John Mackintosh, the son of Joseph Mackintosh, was born in Dukinfield, Cheshire [7th July 1868].
A few months after his birth, the family moved to Halifax.
His mother Mary had taught at her own father's school and at the Methodist New Connexion Sunday school, Queens Road, and undertook John's education at home.
He started working as a part-timer in the mills at the age of 10.
By 1881, he was employed full-time on doubling machines, twisting yarn into thread. He was originally a silk worker, and went on to become a cotton-spinner at Bowman's cotton mill.
On 29th September 1890, he married Violet Taylor.
Violet was a trained cook. They used their joint savings of £100 to open a pastry shop at King Cross Lane, Halifax. Violet ran the shop while John continued to work at the cotton mill. In the 1950s, the shop was occupied by Wallace Mann.
The couple noticed that they had most customers on Saturday afternoons and they decided they needed a sweet which people could buy and that which would last all week. Violet devised a recipe for a new kind of creamy, chewy toffee based on the brittle English toffee and the softer caramel which had recently arrived from America.

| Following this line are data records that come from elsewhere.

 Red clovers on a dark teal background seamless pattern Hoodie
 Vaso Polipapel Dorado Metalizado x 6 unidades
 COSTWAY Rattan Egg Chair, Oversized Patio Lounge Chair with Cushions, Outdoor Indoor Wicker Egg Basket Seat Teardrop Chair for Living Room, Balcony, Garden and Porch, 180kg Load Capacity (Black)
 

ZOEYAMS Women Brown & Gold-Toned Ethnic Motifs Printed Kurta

This was made at the back of the shop and quickly became very popular. The couple went on to found the Mackintosh family's world-famous confectionery business, and John was known as The Toffee King.

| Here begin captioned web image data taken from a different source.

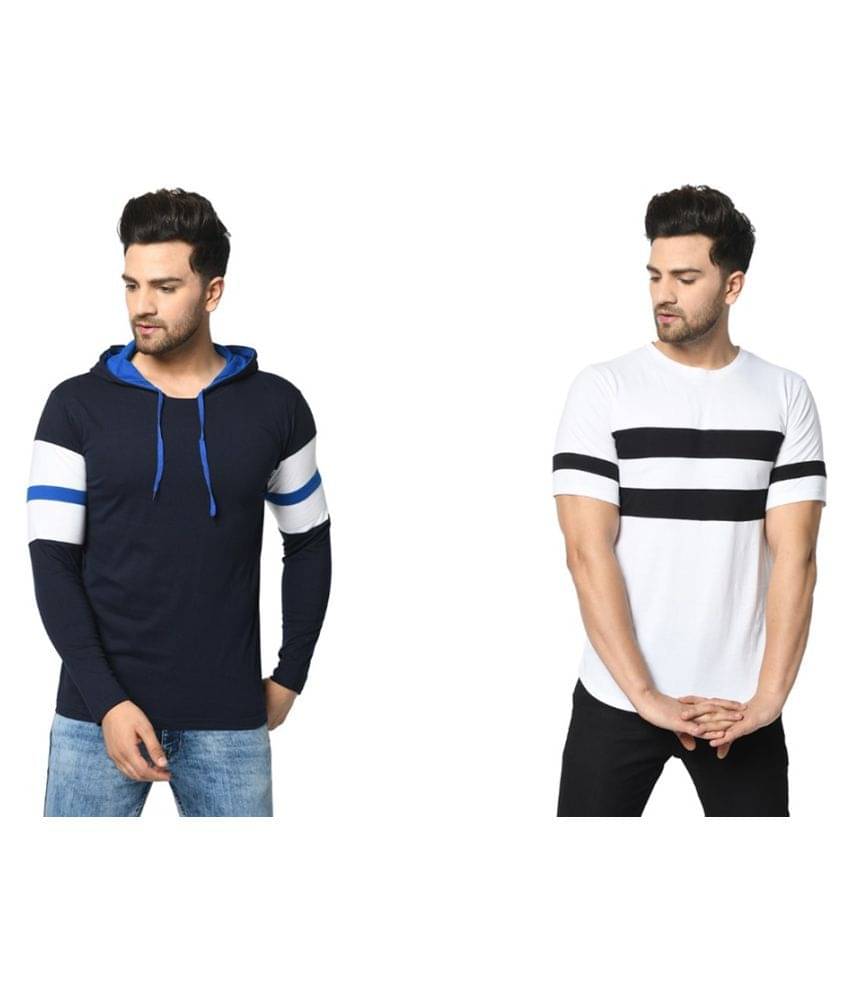 SIDKRT Pack of 2 100 Percent Cotton Regular Fit Men's T-Shirt ( Multi )     			SIDKRT Pack of 2 100 Percent Cotton Regular Fit Men's T-Shirt ( Multi )
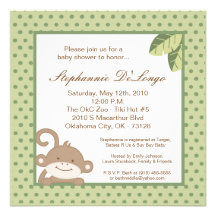 5x5 Neutral Green Monkey Baby Shower Invitation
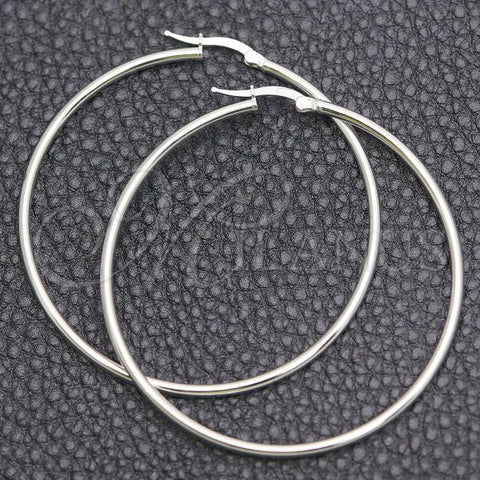 Sterling Silver Medium Hoop, Hollow Design, Polished, Silver Finish, 02.389.0186.50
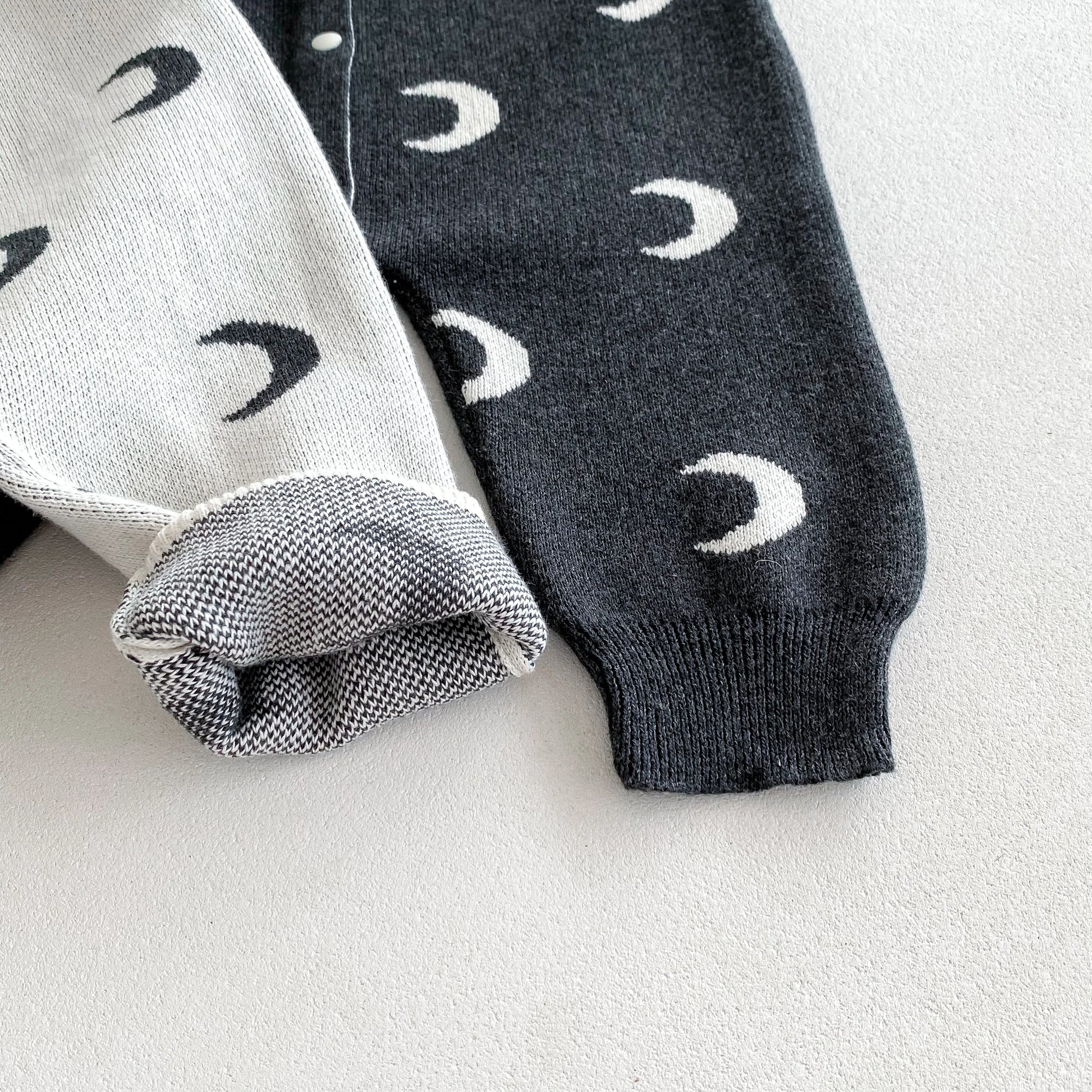 Baby Jumpsuits, Autumn Moon-Knitted Long-Sleeved Jumpsuits, Newborn Baby Sweaters, Crawling Suits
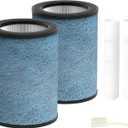 HP301 HP302 NeverChange Replacement Filter Compatible with Shark HP301/HP302 Air Purifier MAX Clean Sense Series HP200 HC502 HP232 AP1000,H13 Grade HEPA Filter, Part#HE3FKPET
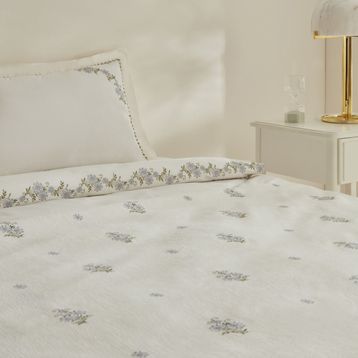 Karaca Home Vanes Mavi Çift Kişilik Nakışlı Nevresim Pike Takımı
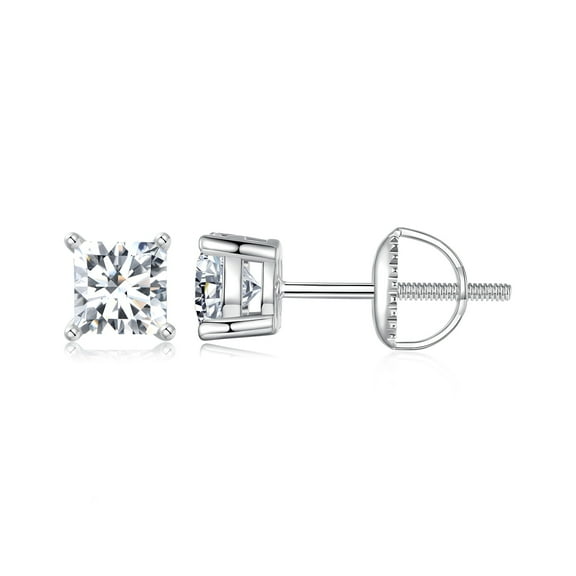Princess Cut Moissanite Studs ，Moissanite Stud Earrings 925 Sterling Silver Lab-Created Diamond Alternative Jewelry for Women Men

The business is discussed in the entry for John Mackintosh & Sons Limited
Like all the family, he was a committed Christian. He worshipped at Queens Road United Methodist Chapel.
He went on to become a JP / a Councillor / Deputy Chairman of the Halifax Equitable Bank / Director of the Halifax Equitable Building Society
The family lived at
John travelled widely to sell the company's products.

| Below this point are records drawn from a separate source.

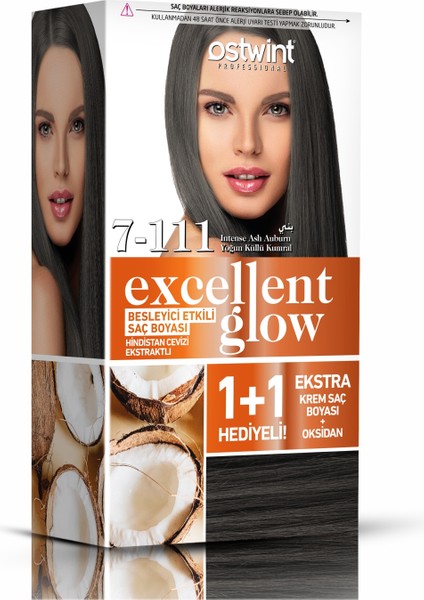 Excellent Glow 1+1 Li Saç Boyası Seti No.7.11 Yoğun Küllü Kumral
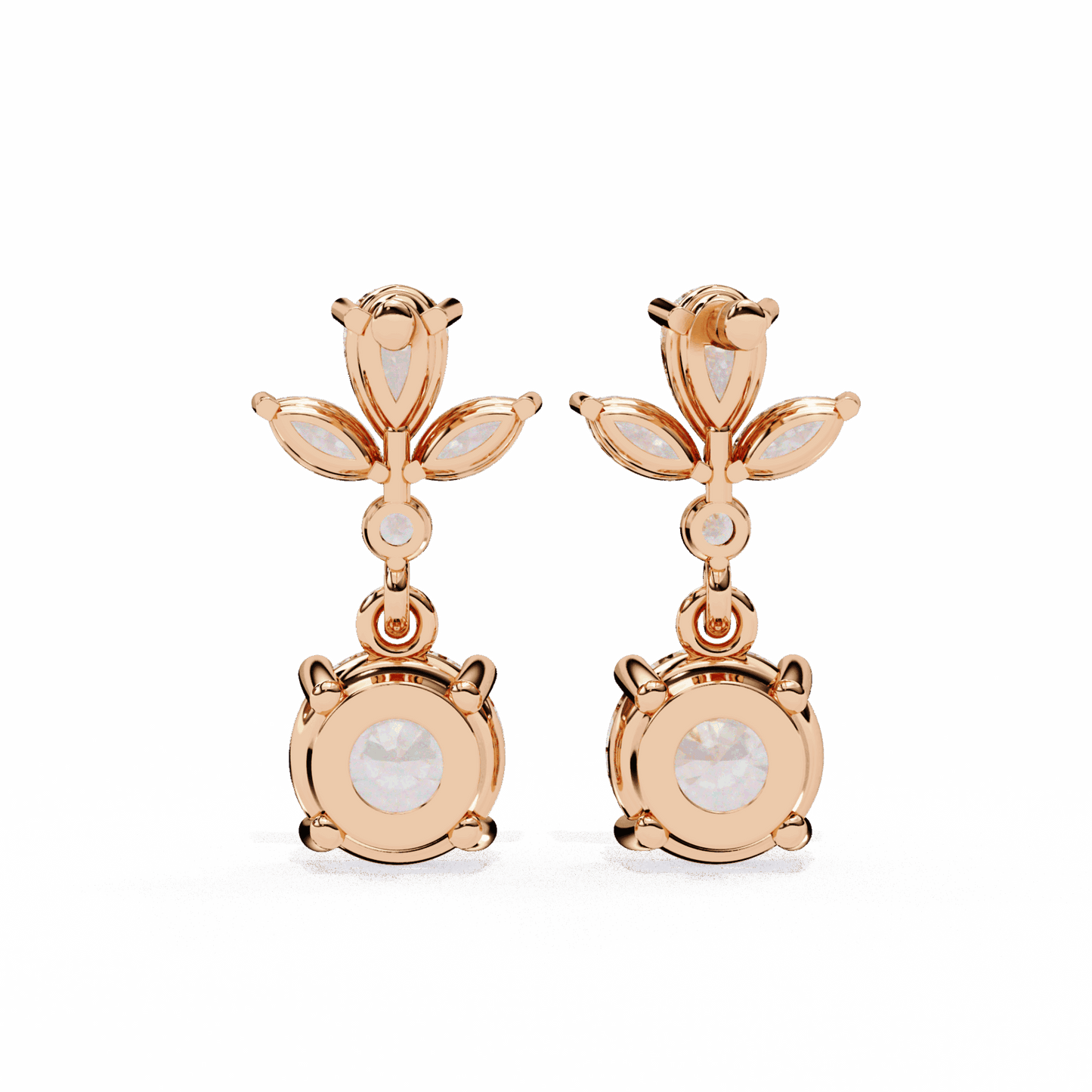 1.25 Carat Marquise & Pear Dangle Earrings in Moissanite | House of Estara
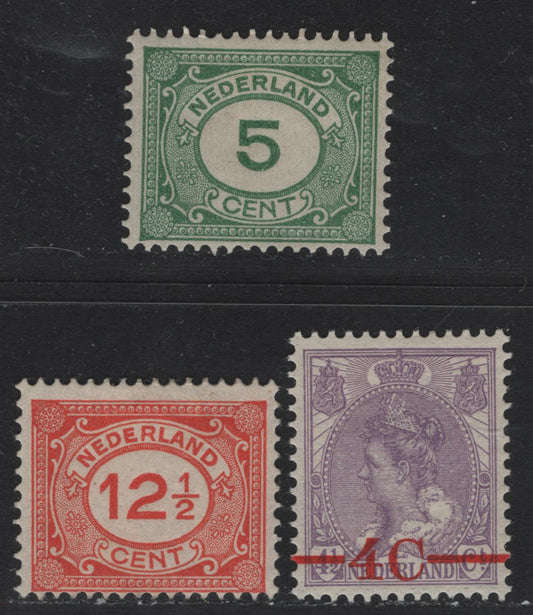 Lot 16 Netherlands SC#106-108 5c - 4c on 4.5c Green - Violet , 1921-1922 Surcharges - Redrawn Numeral Issues, 3 VG/VFOG Singles, Sans-Serif Numerals, 12.5 Has A Light Diagonal Crease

In February 1907, John sailed to the Hook of Holland. On the previous night [21st February 1907], his foreman John William Bonnett had sailed on the SS Berlin and lost his life when it was wrecked off the Hook of Holland.
He was prone to ...
certain pangs of the heart and sudden seizures that were alarming to those who witnessed them
He died of a heart attack at the age of 51 on Tuesday, 27th January 1920, whilst sitting at his sick wife's bedside at their home, Greystones, Halifax.
At the funeral, there was a short service at Greystones, followed by a full service at Queens Road United Methodist Chapel. The procession then made its way to the cemetery at All Saints' Church, Salterhebble where he was buried.
At the service, the minister told how, on the previous Sunday, the organist at Queens Road United Methodist Chapel had concluded a service by playing the chorus Be Not Afraid, from Elijah by Mendelssohn. When he had finished playing, the organist believed the church was empty but then he heard John Mackintosh's familiar voice from the back.
Thank you very much, Mr Webster. I have stayed to listen to what I think is the finest chorus I know for inspiration and encouragement
Probate records show that he left an estate valued at £254,563.